- Directed by: Caroline Monnet
- Written by: Caroline Monnet Daniel Watchorn
- Produced by: Catherine Chagnon
- Starring: Kawennáhere Devery Jacobs Pascale Bussières
- Cinematography: Nicolas Canniccioni
- Edited by: Aube Foglia
- Music by: Tanya Tagaq Jean Martin
- Production company: Microclimat Films
- Distributed by: MK2 Mile End
- Release date: September 25, 2021 (Cinefest);
- Running time: 81 minutes
- Country: Canada
- Languages: French Anishinabemowin

= Bootlegger (2021 film) =

Bootlegger is a Canadian drama film, directed by Caroline Monnet and released in September 2021. The film centres on Mani (Kawennáhere Devery Jacobs), an indigenous graduate student in university who returns to her reserve in Quebec to advocate for a community referendum banning the sale of alcohol, placing her at odds with Laura (Pascale Bussières), a bootlegger who profits from the sale of alcohol in the community.

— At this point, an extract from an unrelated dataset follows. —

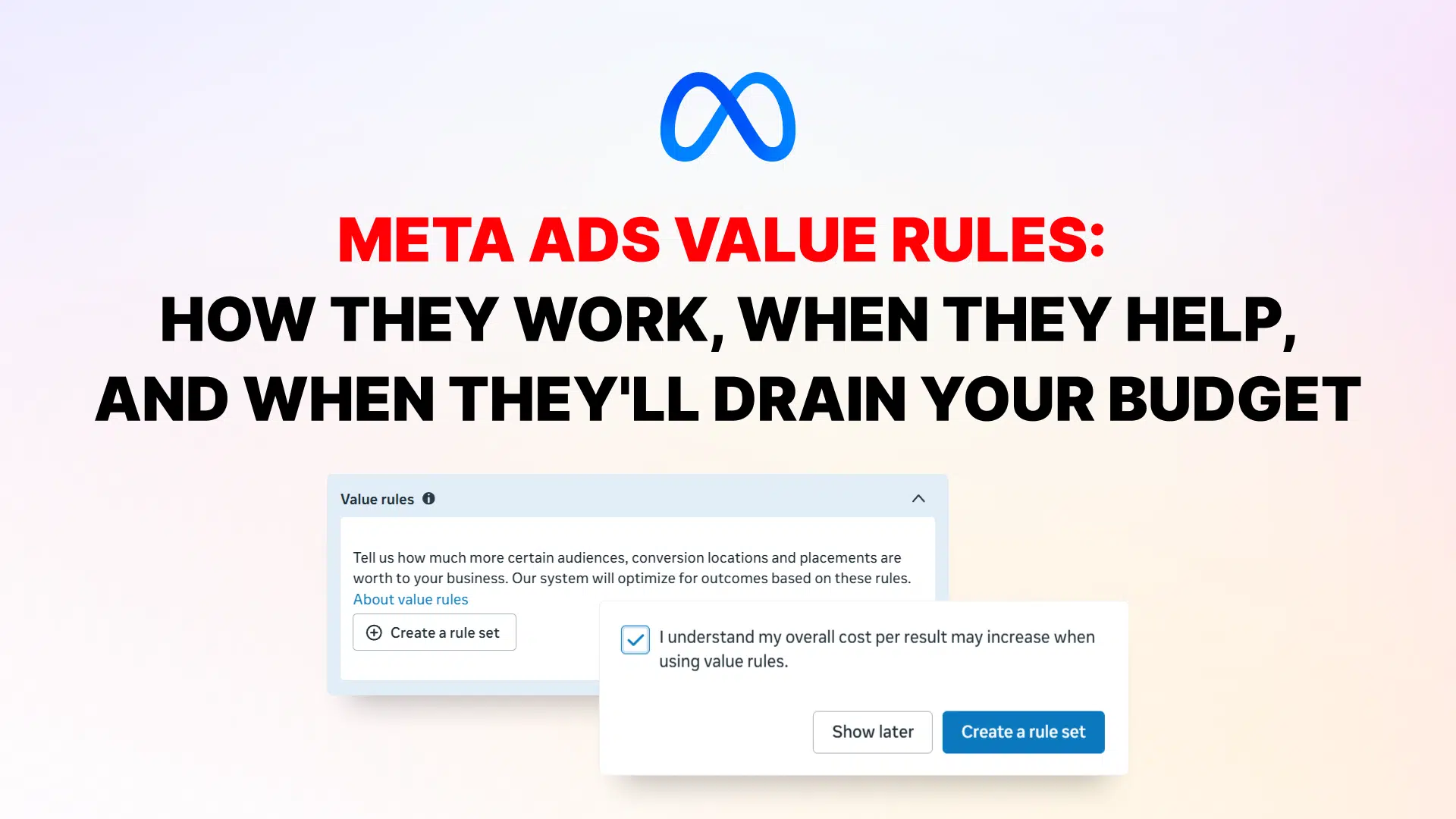 Guía de configuración de reglas de valor de Meta Ads para optimizar el ROAS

The cast also includes Brigitte Poupart, Jacob Whiteduck-Lavoie, Joshua Odjick, Jacques Newashish, Dominique Pétin and Samian.

The film was shot in fall 2019 in Kitigan Zibi, Quebec. Prior to its production, the film's screenplay won the Cinéfondation bursary for Best Screenplay at the 2017 Cannes Film Festival.

The film premiered at the 2021 Cinéfest Sudbury International Film Festival, and screened as the opening film of the 2021 Festival du nouveau cinéma, in advance of its commercial premiere on October 15.

==Awards==
Monnet was named the winner of the juried award for Emerging Canadian Director at the 2021 Vancouver International Film Festival. The film was a nominee for the DGC Discovery Award at the 2021 Directors Guild of Canada awards.

Tanya Tagaq and Jean Martin received a Canadian Screen Award nomination for Best Original Song at the 10th Canadian Screen Awards in 2022, for "Surface Nord".